S&P Global Platts analysis showed March 15 that the Gulf Coast refinery complex was expected to continue operating at a reduced capacity, of around 74%, amid the ongoing impacts of the February deep freeze that disrupted operations in the region. In the week to March 12, the USAC imported 3.55 million barrels of gasoline from Northwest Europe, the highest weekly volume since August 2019, US Energy Information Administration data showed.
Lower supplies along the Colonial Pipeline, which delivers gasoline from the Gulf Coast to the Atlantic Coast, have seen buyers turn to surplus European gasoline to meet demand. The bullish European exports have helped improve gasoline's relationship to crude oil. The Northwest European front-month gasoline crack spread was assessed at $10.45/b on March 15, the third consecutive day it has been above the $10/b level, which has not happened since July 2019.
Sources said that trans-Atlantic arbitrage was also open from the Mediterranean gasoline market, which had cleared any remaining length in non-oxygenated gasoline volumes, particularly of winter specification gasoline.

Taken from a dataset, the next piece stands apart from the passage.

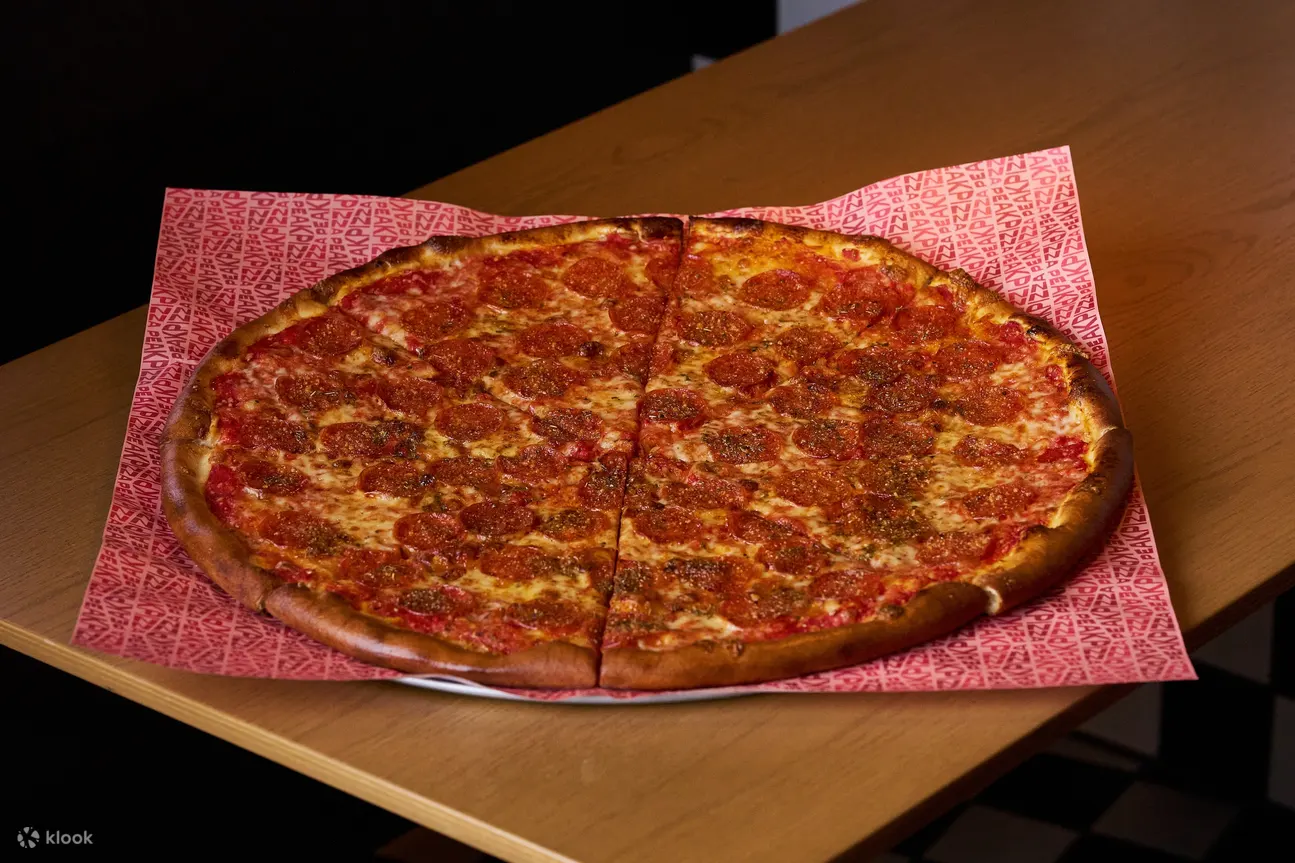 Peak Pizza - Black Sheep - 山顶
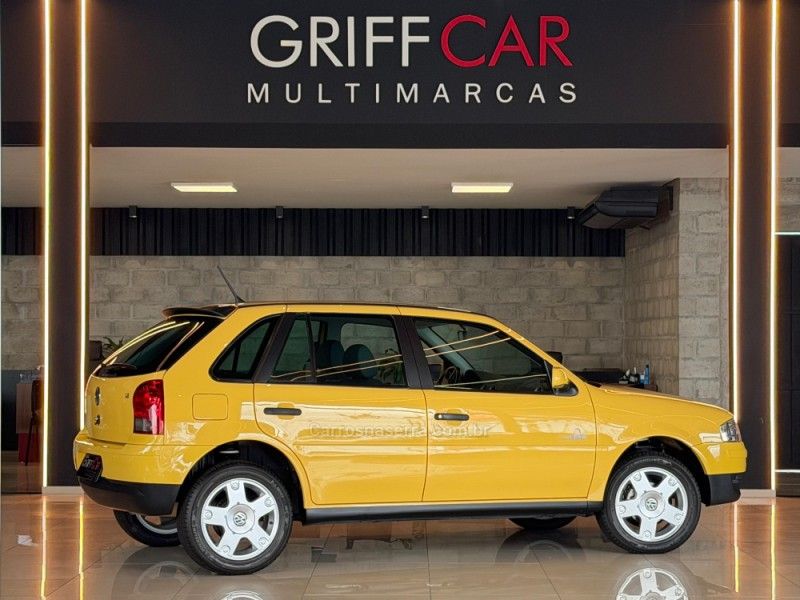 VOLKSWAGEN GOL 1.6 MI COPA 8V G.IV 2006/2006 GRIFFCAR MULTIMARCAS DOIS IRMÃOS / Carros no Vale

MR spikes slow cargo inquiry
Buying interest for European gasoline could, however, falter as the recent unexpected increase in cargo inquiries caused freight rates to surge March 12-15, though charterers are managing to wrestle down indications to a degree.
Freight indications for UK Continent-US Atlantic Coast shipments, basis 37,000 mt, jumped to $22.44/mt on March 15 from $15.18/mt on March 11 as increased spot inquiry helped drive shipowner sentiment. Since then, however, sentiment has cooled as charterers stopped entertaining owner ideas at these levels.
Despite this, market participants were well aware that USAC requirements were growing as regional production rates had not compensated the shortfall in gasoline inventories, and it remains to be seen how markets will deal with incoming ballasters from the USAC.
"There are many factors at play to suggest the cargoes will keep coming – big draws are expected from the states, the summer switch of gasoline grades and restrictions easing in the USAC will make it a busy time ahead," a shipowner said.